Although the data below contains pictures, output only the lines between those holding "Documentan llamado de" and "Disegno 8 della mostra", inclusive, exactly and without those pictures.

The data: Begin

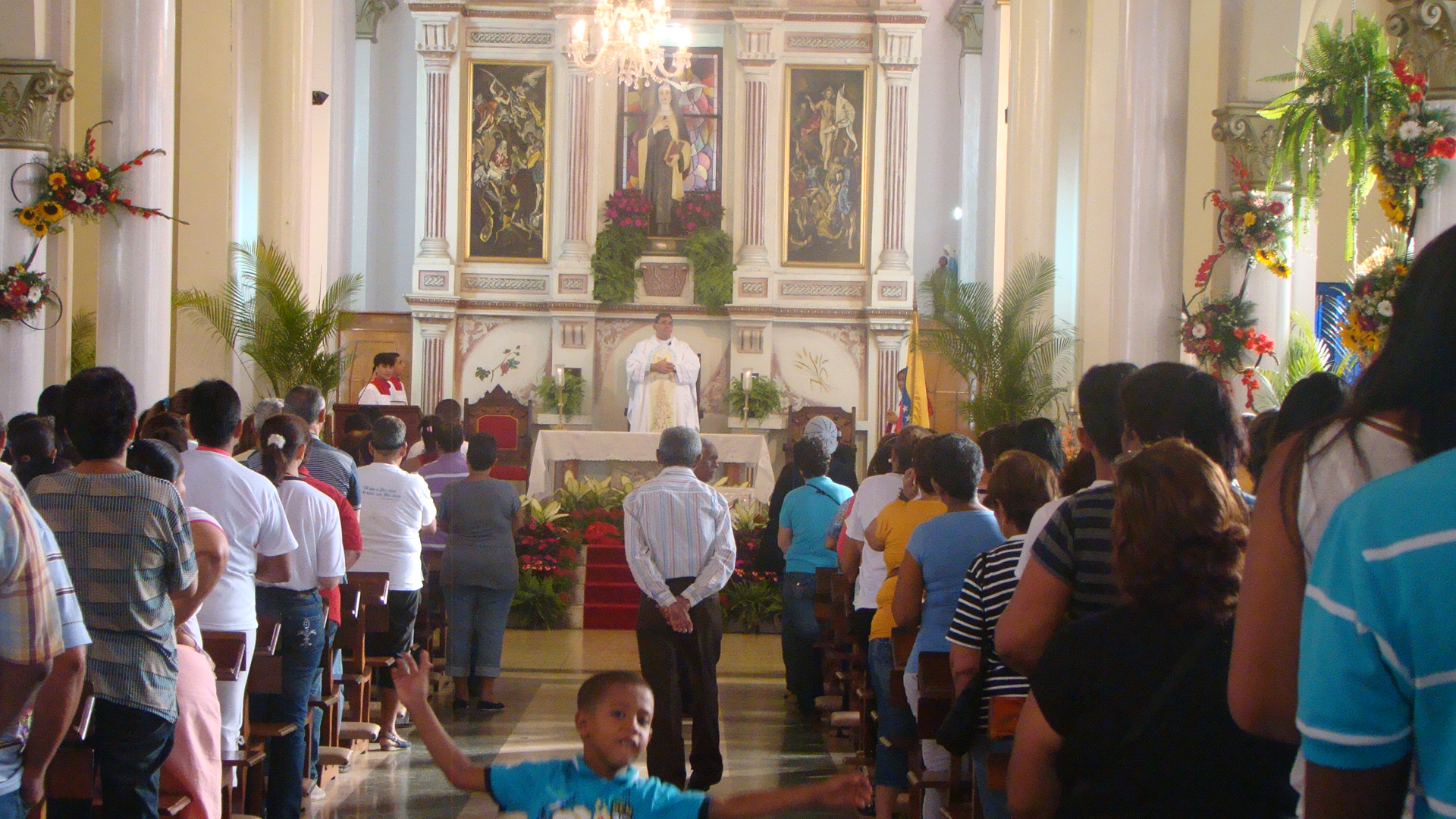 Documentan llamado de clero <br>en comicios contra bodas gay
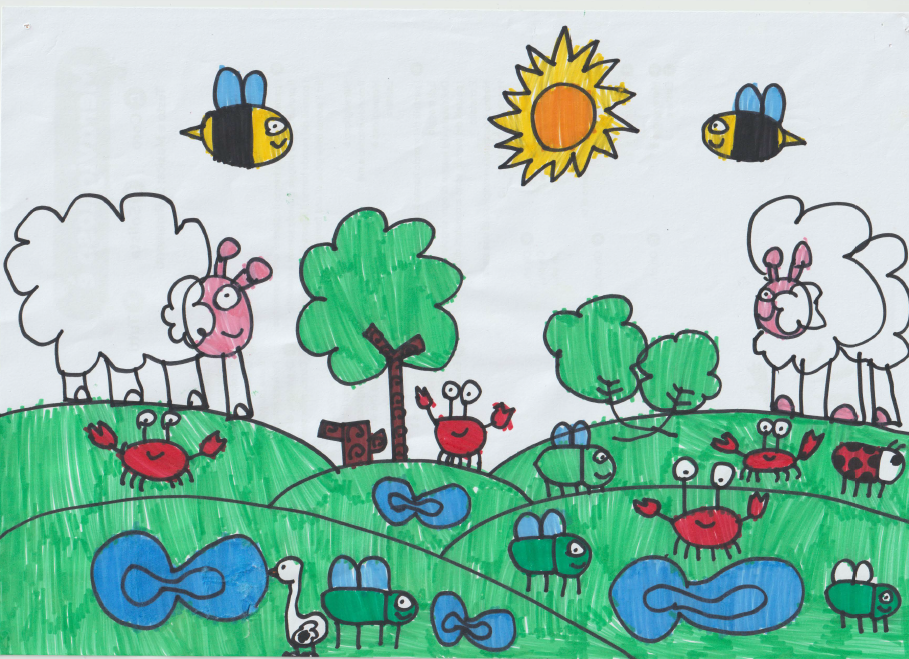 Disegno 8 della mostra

The data: End
The data: Begin

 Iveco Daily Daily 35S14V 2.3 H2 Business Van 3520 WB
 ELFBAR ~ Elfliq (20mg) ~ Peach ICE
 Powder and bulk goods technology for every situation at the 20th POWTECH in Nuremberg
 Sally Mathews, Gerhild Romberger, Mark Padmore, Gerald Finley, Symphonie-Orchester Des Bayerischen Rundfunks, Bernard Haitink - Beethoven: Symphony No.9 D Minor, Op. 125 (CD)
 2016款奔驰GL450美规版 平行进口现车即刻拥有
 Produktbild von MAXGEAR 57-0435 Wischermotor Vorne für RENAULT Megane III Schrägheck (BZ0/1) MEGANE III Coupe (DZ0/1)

The data: End
The data: Begin

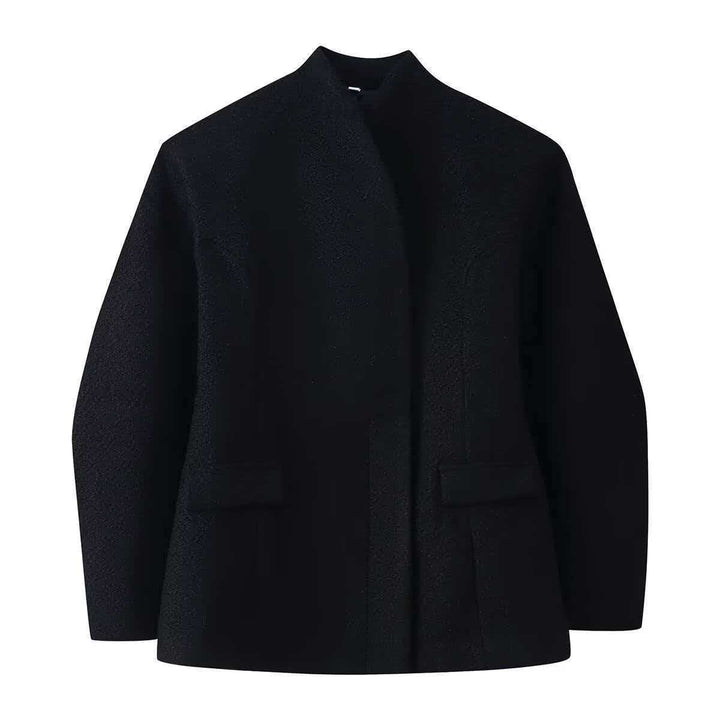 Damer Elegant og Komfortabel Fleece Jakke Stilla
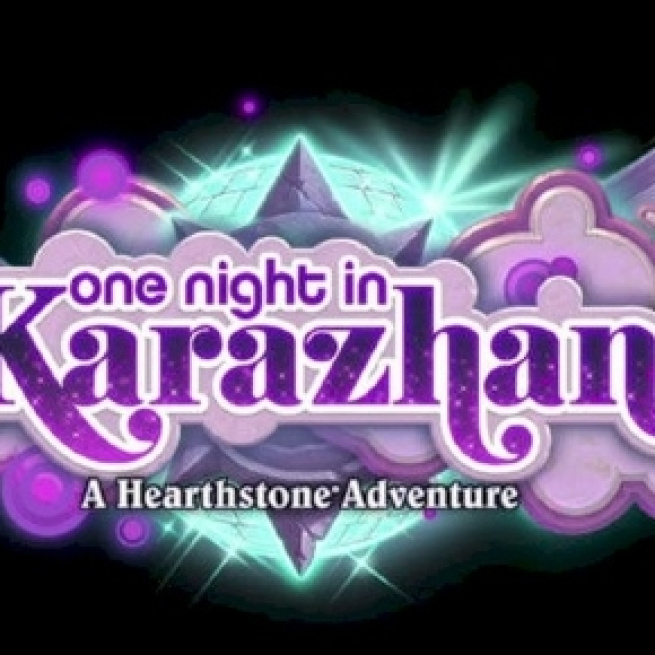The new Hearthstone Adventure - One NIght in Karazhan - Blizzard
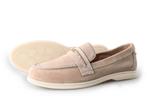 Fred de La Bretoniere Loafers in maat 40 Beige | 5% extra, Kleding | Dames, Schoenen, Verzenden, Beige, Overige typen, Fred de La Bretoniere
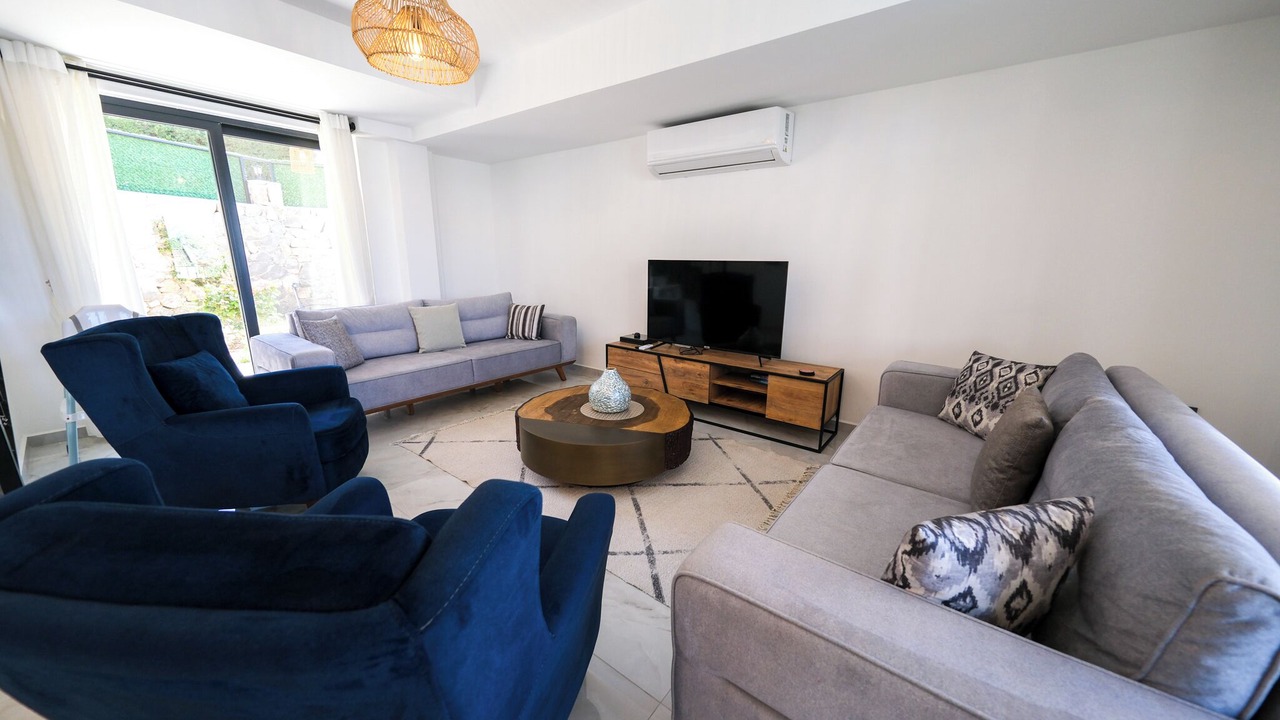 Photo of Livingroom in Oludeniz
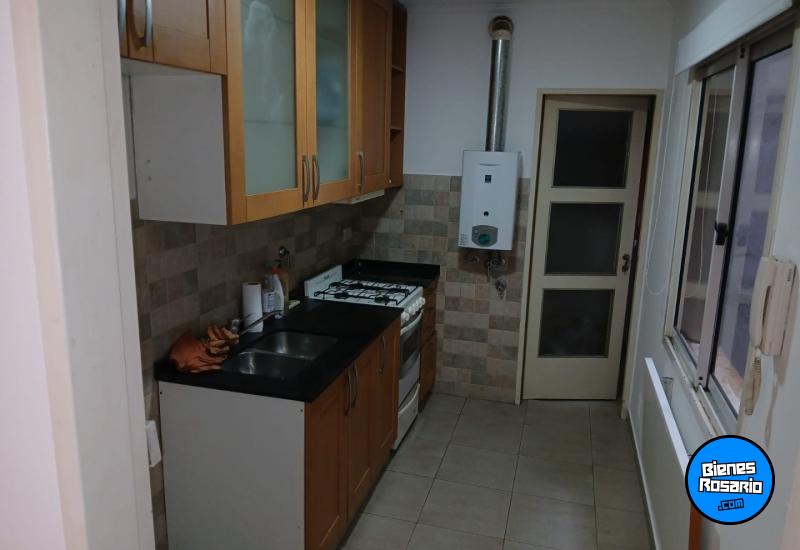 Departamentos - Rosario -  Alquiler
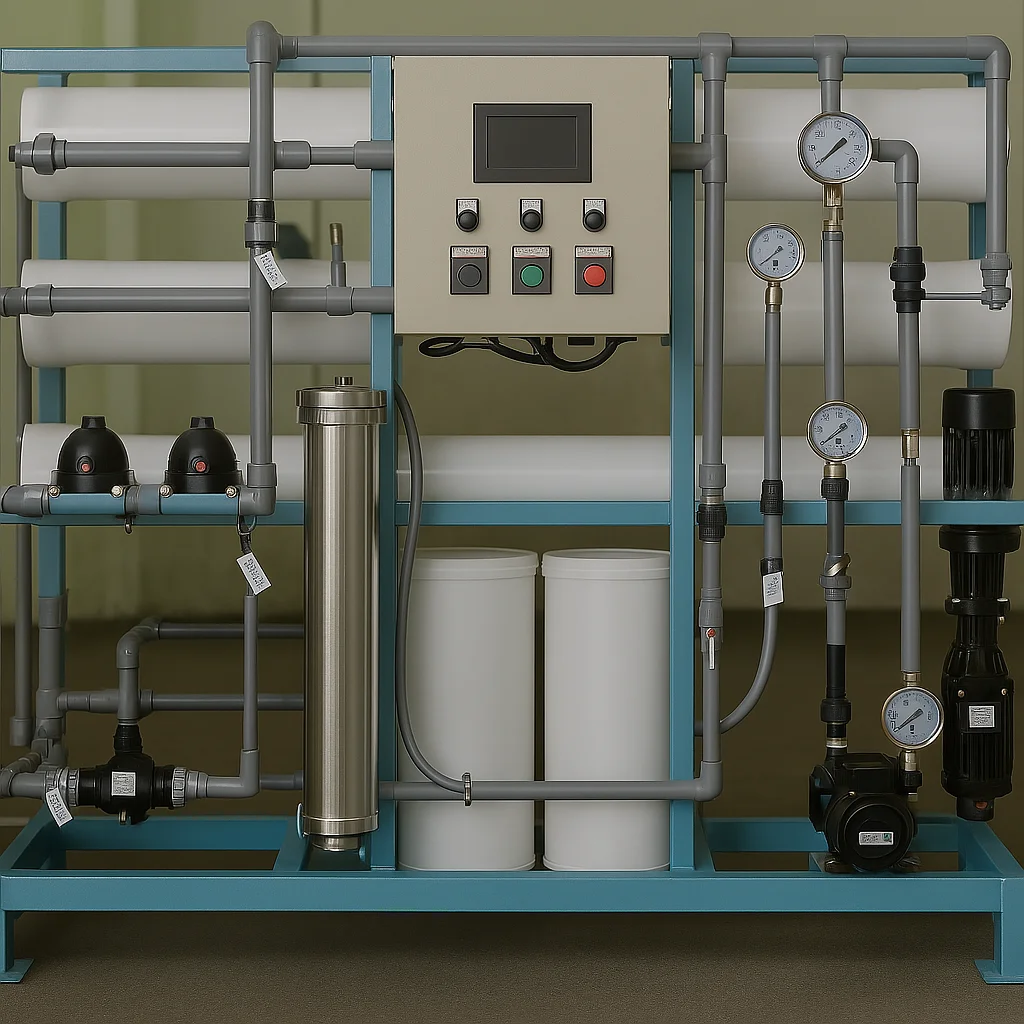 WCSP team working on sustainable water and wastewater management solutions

The data: End

**Exercise response:**
 Documentan llamado de clero <br>en comicios contra bodas gay
 Disegno 8 della mostra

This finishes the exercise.